The special problem posed by the Web is that it encourages lengthy surfing sessions, lasting hours and even days, in some cases. The result is that LECs find their interoffice trunks operating near capacity and ports on their expensive switches are being tied up for lengthy periods while producing no more revenue than a two-minute voice call. (Most local calls, in the United States at least, are not timed.) Thus, LECs are loath to invest in additional infrastructure that is unlikely to generate additional revenue. Moreover, although replacing copper with optical fiber may make sense in the long run, it is no solution for the immediate future: the Geneva-based International Telecommunication Union estimates that the world is now using more than 600 million copper telephone lines.

Several technologies offer quick ways to increase the capacity of copper loops. Among the most promising is the asymmetric digital subscriber line (ADSL), which greatly increases the capacity of existing subscriber loops--up to rates of about 6 Mb/s--without requiring the installation of new cable. Moreover, it accomplishes that feat without affecting the existing plain old telephone service (POTS).

To preserve POTS and to prevent a fault in the ADSL equipment from compromising analog voice traffic, the voice part of the spectrum (the lowest 4 kHz) is separated from the rest by a passive filter, called a POTS splitter [Fig. 2]. The rest of the available bandwidth--from about 10 kHz to 1 MHz--carries data at rates up to 6 bits per second for every hertz of bandwidth.

To exploit the higher frequencies, ADSL makes use of advanced modulation techniques, of which the best known is the discrete multitone (DMT) technology. DMT was pioneered by Stanford University, California., and Amati Communications Corp., San Jose, Calif., and endorsed by the American National Standards Institute (ANSI), New York City, and the European Telecommunications Standards Institute (ETSI), Sophia Antipolis, France.

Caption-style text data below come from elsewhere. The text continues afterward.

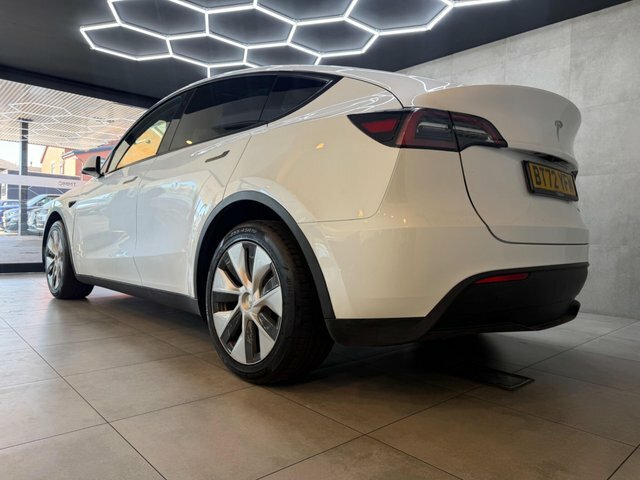 Tesla Model Y 2022 Dual Motor Long Range 4Wde BT72YFM White #5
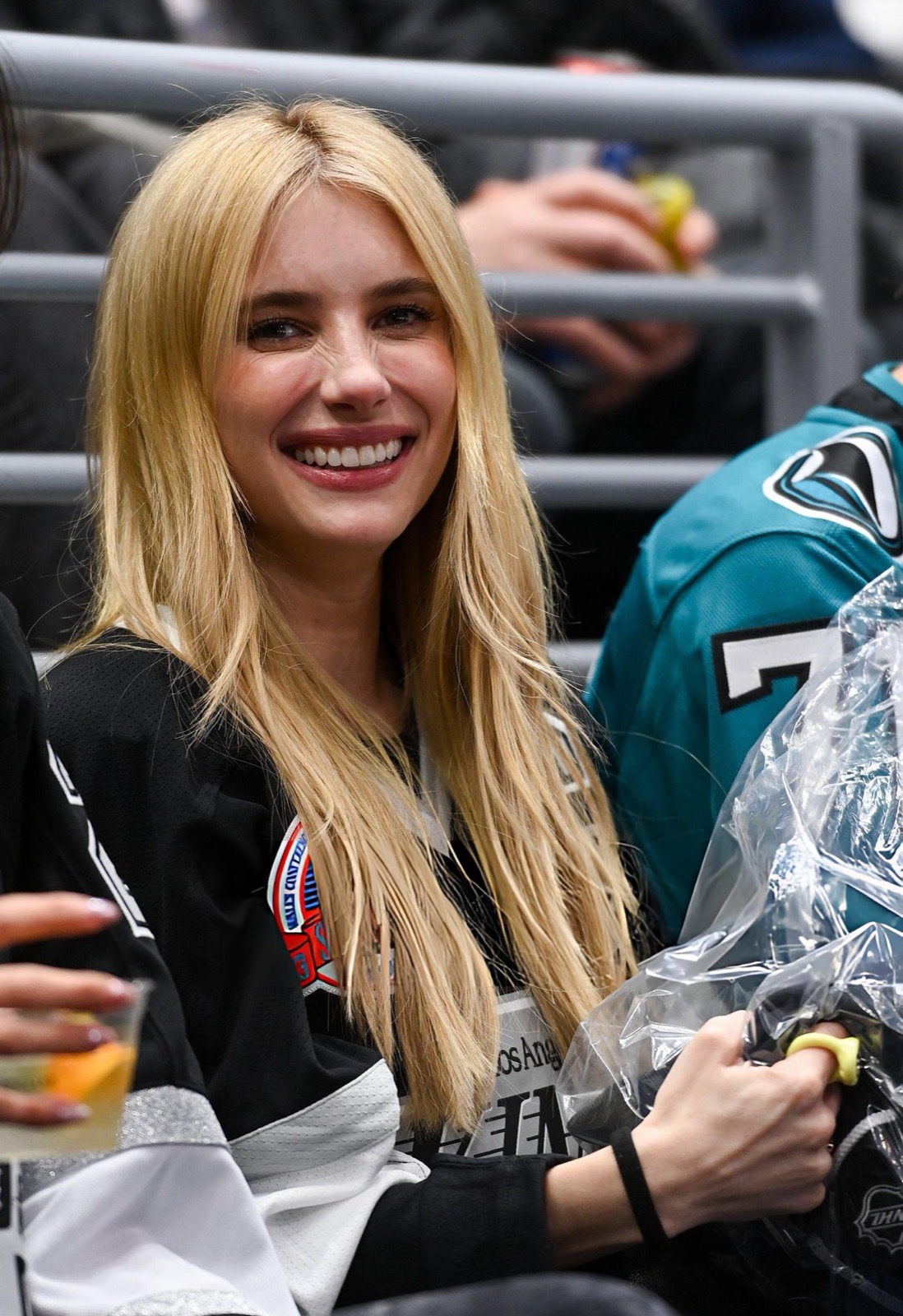 Emma Roberts au match Kings-Sharks à Los Angeles, sourire plus affûté que la glace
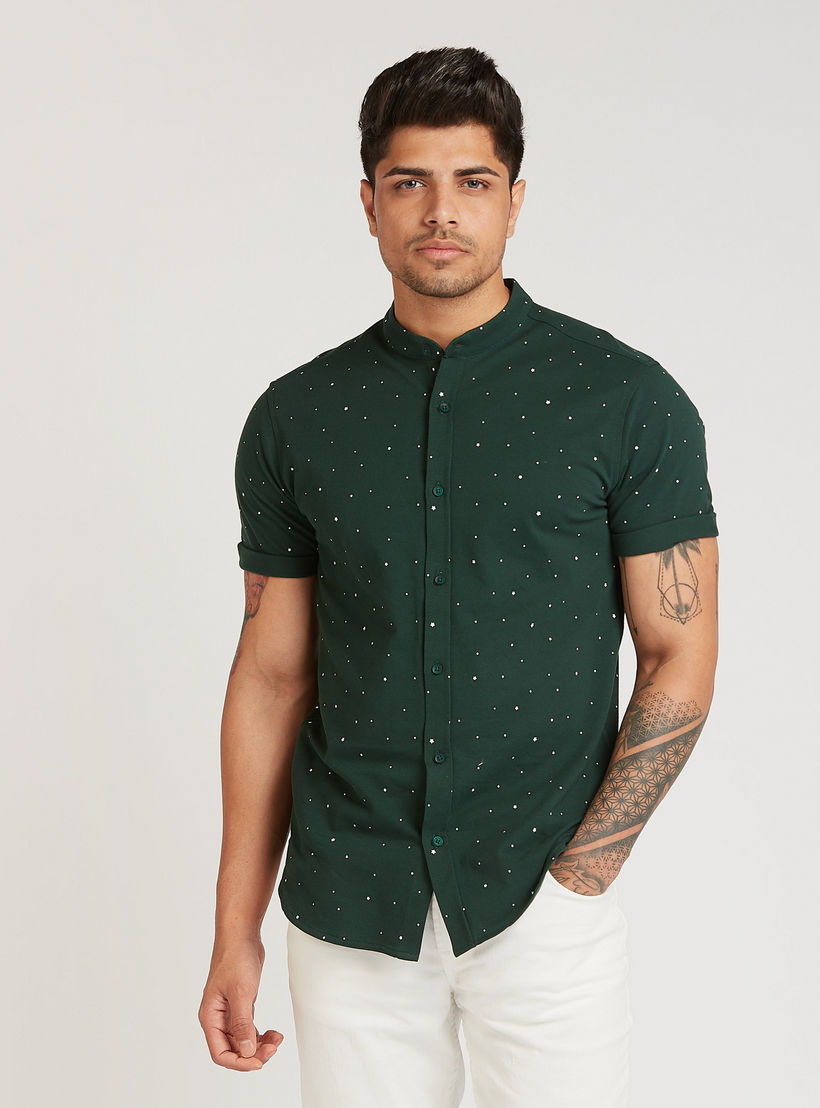 تيشيرت بقصة سليم بطبعات و بياقة ماندارين وأكمام قصيرة-men-clothing-shirts-image-1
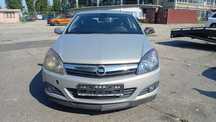 Dezmembrez Opel Astra H GTC 1.9 Diesel Din 2007 - Z19DT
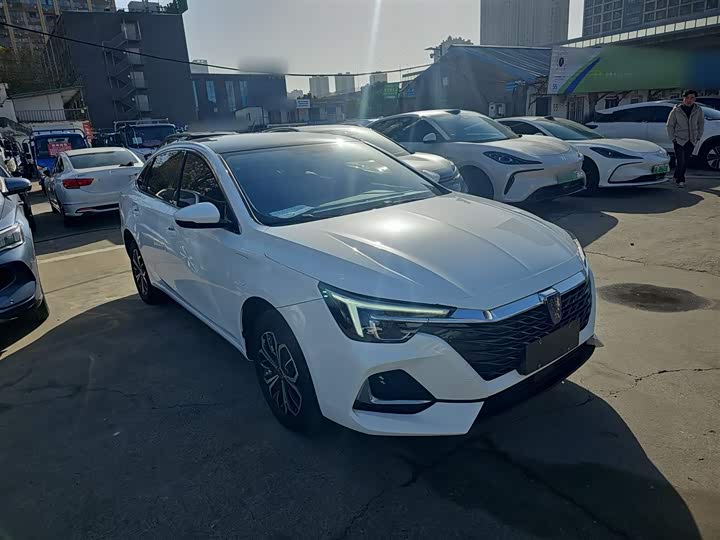 Фото 4 - Roewe i6 Max EV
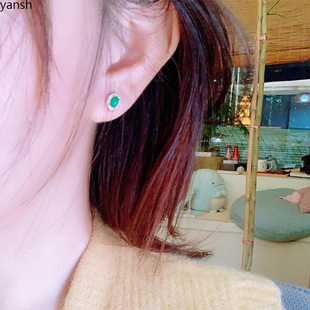 Source Yang Green Jade Jade Stud Earrings S925 Sterling Silver Fashion Classic Burmese Natural Chalcedony Earrings for Women Inlaid
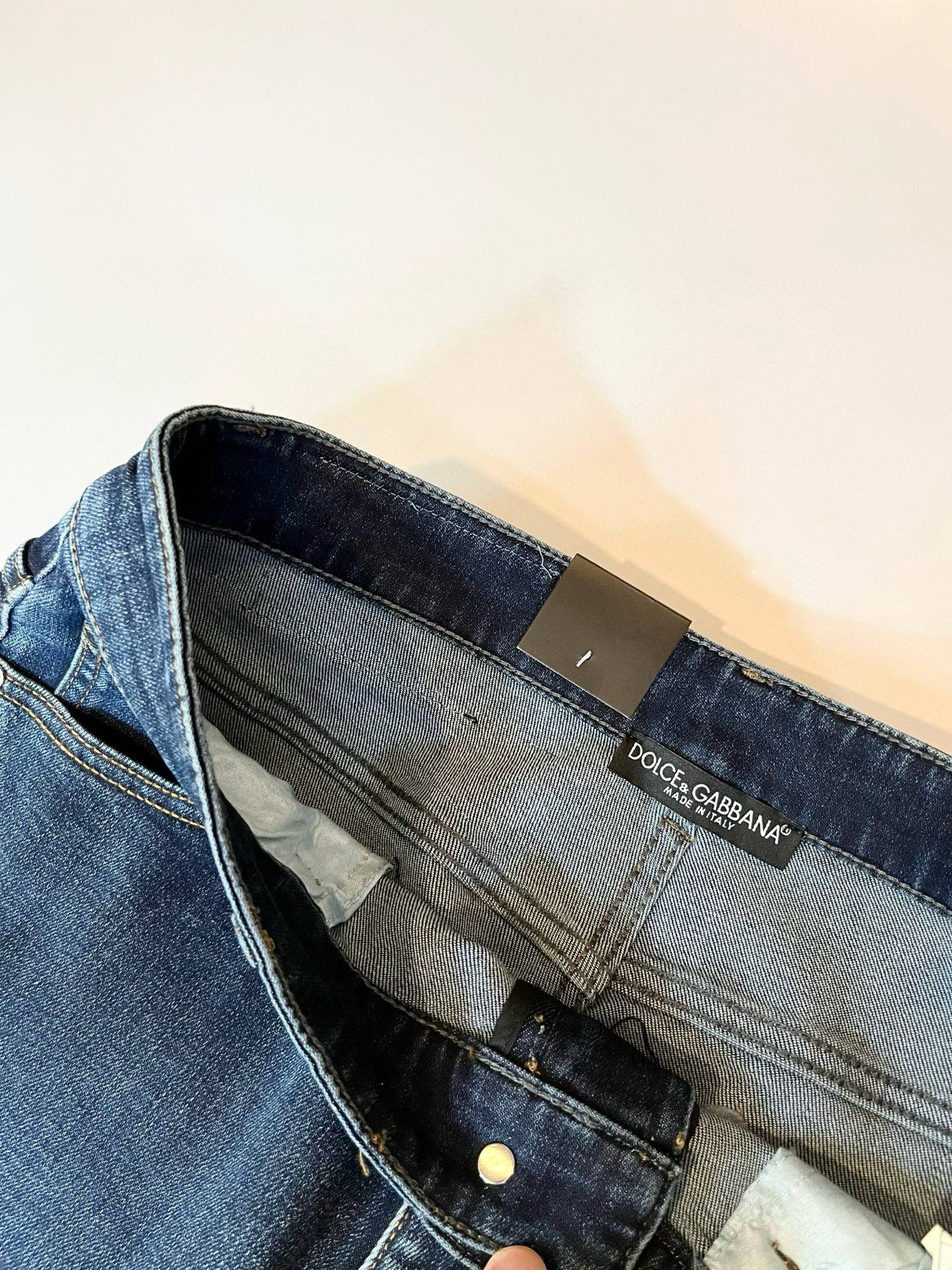 Dolce & 杜嘉*纳 2025秋冬新品牛仔裤，水洗处理自然不易变形脱色、立体剪裁完美塑形面料质舒适柔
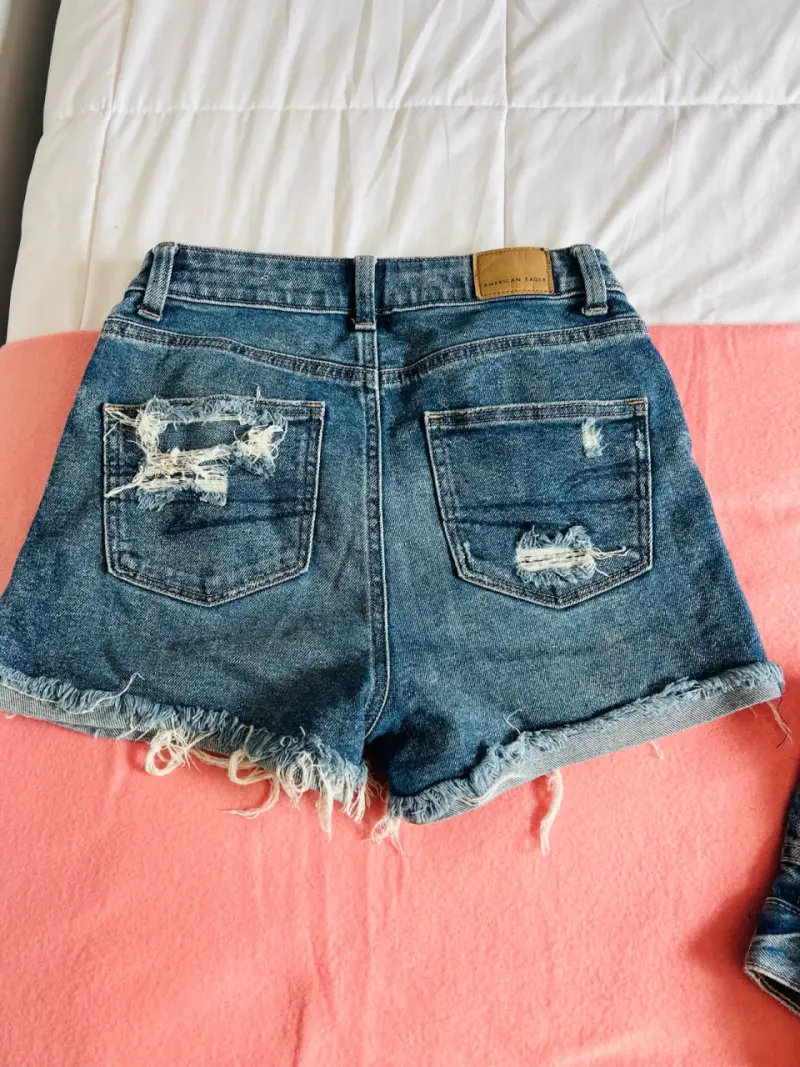 Shorts de mezclilla desgastados American Eagle - 2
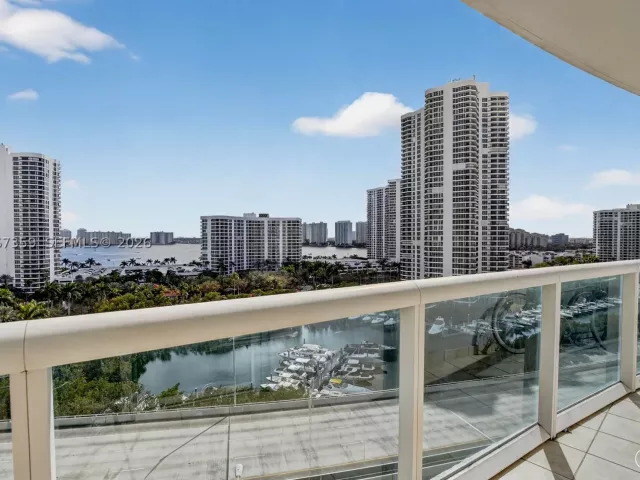 3-bedroom condo for sale in Aventura - 19400 Turnberry Way 1012 - MondialRealty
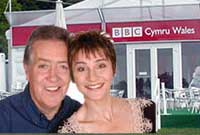 Sadle Radio Cymru ar y maes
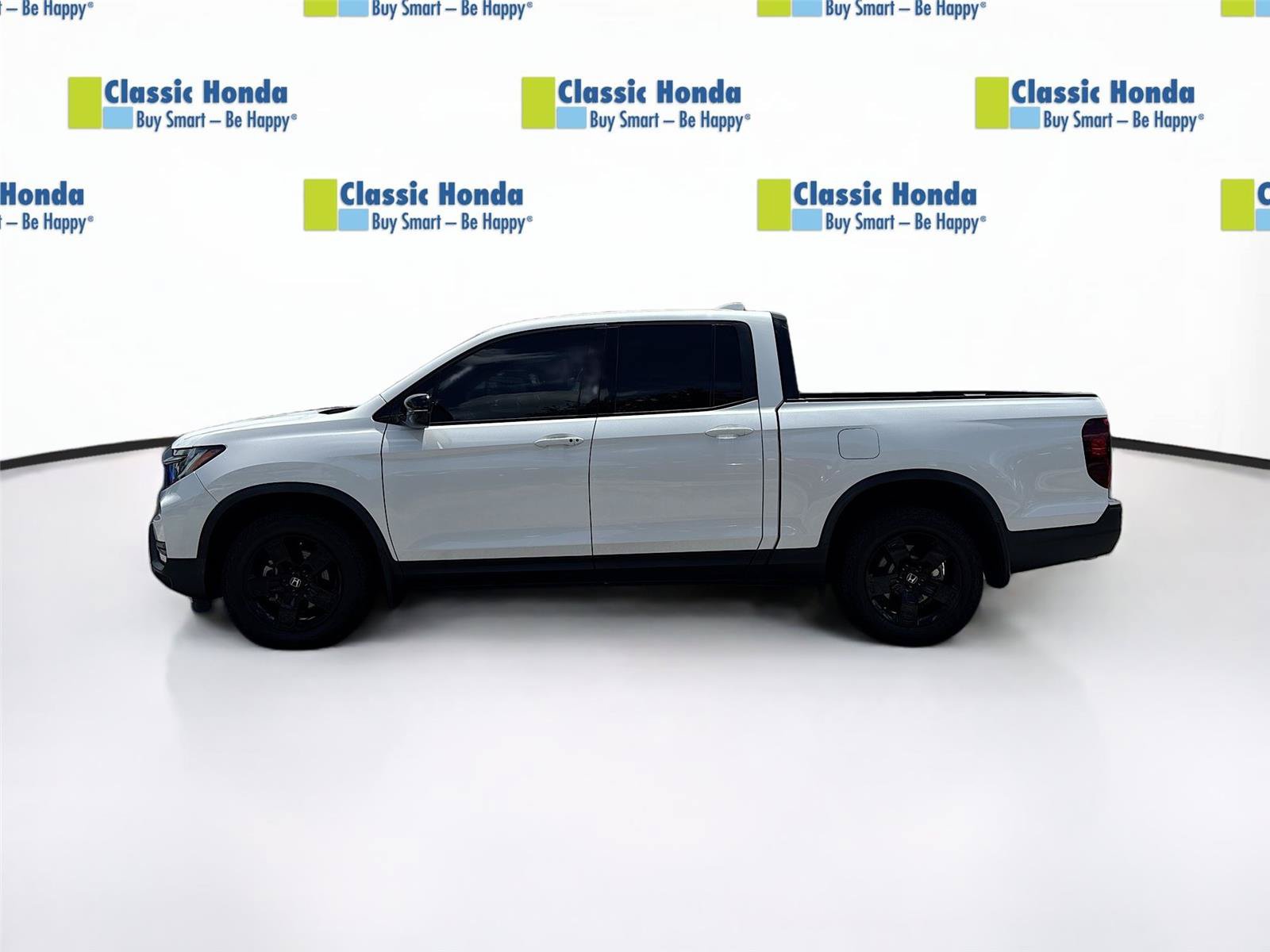 Certified 2024 Honda Ridgeline Black Edition image 4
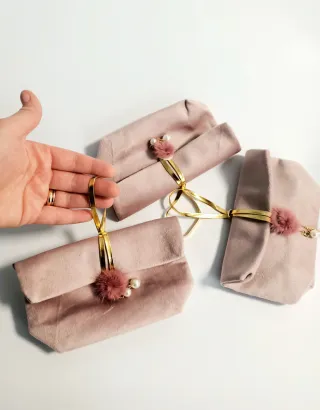 Pochette Camoscio Rosa con Pompon Peloso Rosa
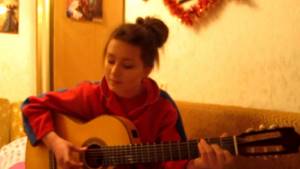 девочка поет и играет на гитаре красиво!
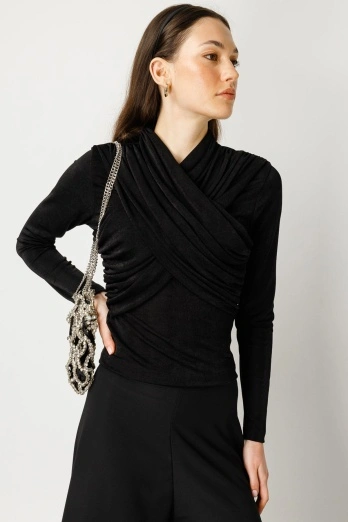 Hooopstore - Verev Kapamalı Buzy Bluz - Siyah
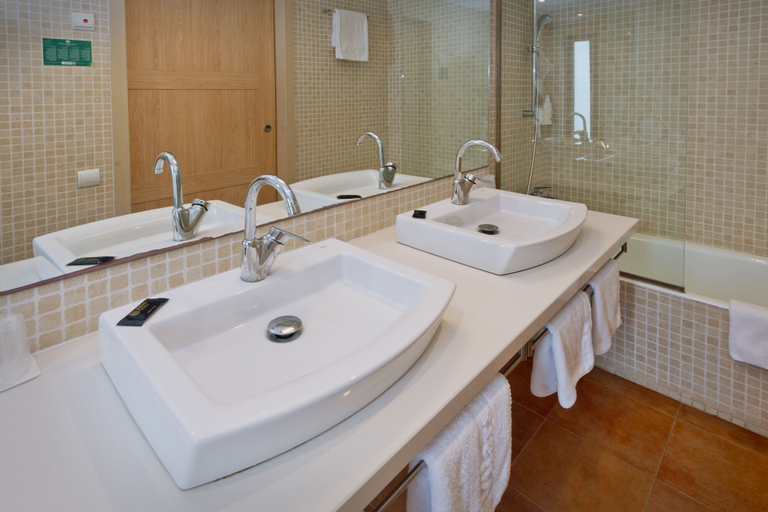 Bathroom 5, Dynamic Els Ports Resort, Tarragona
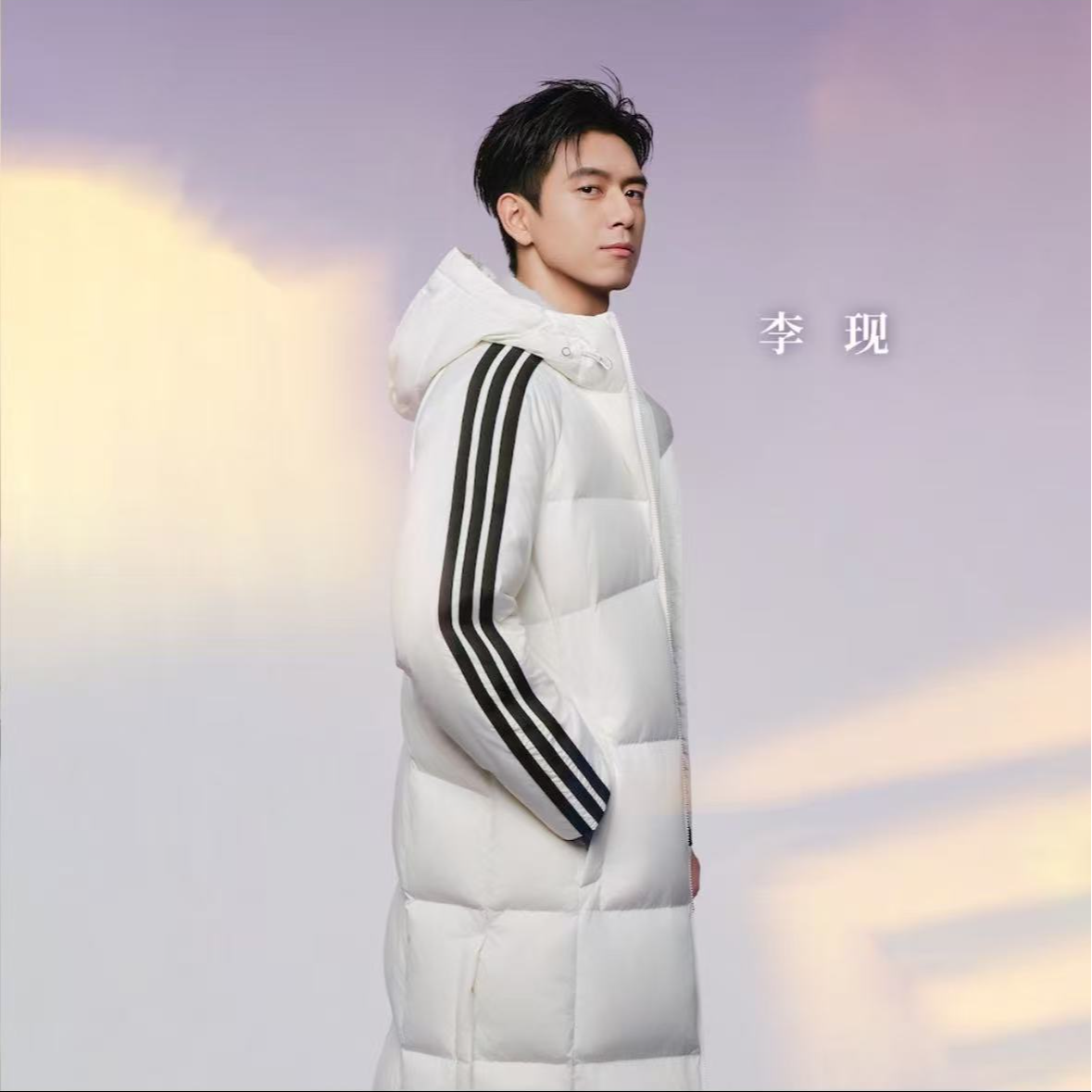 adidas/阿迪达斯拒水防风保暖长款600蓬鸭绒连帽羽绒服 KC2497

DMT divides the bandwidth from about 10 kHz to 1 MHz into a set of 256 independent subchannels, each 4 kHz wide. By measuring the quality of the subchannels and then assigning a bit-rate to each based on its quality, DMT customizes the transmit signal for every line. In doing so, it automatically avoids regions of the frequency spectrum that are too noisy or too attenuated to support reliable communications. If the quality of a subchannel degrades enough to affect a system's error performance, the data rate on that subchannel is lowered and the excess traffic moves to a subchannel capable of supporting it. The result is robust communications over single twisted pairs.

As its name implies, ADSL transmits data asymmetrically--at different rates upstream (toward the central office) and downstream (toward the subscriber). Such a technology makes sense for two practical reasons. For one, the typical Web surfer is more interested in downloading large files than in uploading them, and therefore needs more capacity in the downstream (network-to-subscriber) direction.

The second reason is technical: when many wire pairs are squeezed together in a cable, cross talk is inevitable. Signals traveling downstream from the central office are not much affected, because they all are of approximately the same amplitude. On the other hand, upstream traffic originates in subscriber premises, and these buildings may be at different distances from the points at which lines come together in a cable; accordingly, upstream signals can vary greatly in amplitude. If a wire pair carrying a strong signal shares a cable with another wire pair carrying a weak one, cross talk can be all too evident. But since cross talk increases with frequency, the problem can be made tractable by limiting the upstream data rate and keeping it near the low-frequency end of the spectrum.

The envious cable modem

Meanwhile, cable television providers are not sitting by idly. They want to provide Internet service to PC users over their TV cable systems by means of special cable modems. Such modems are capable of transmitting up to 30 Mb/s over hybrid fiber/coax systems (which use fiber to bring signals to a neighborhood and coax to distribute it to individual subscribers). Further, they are available, and they work.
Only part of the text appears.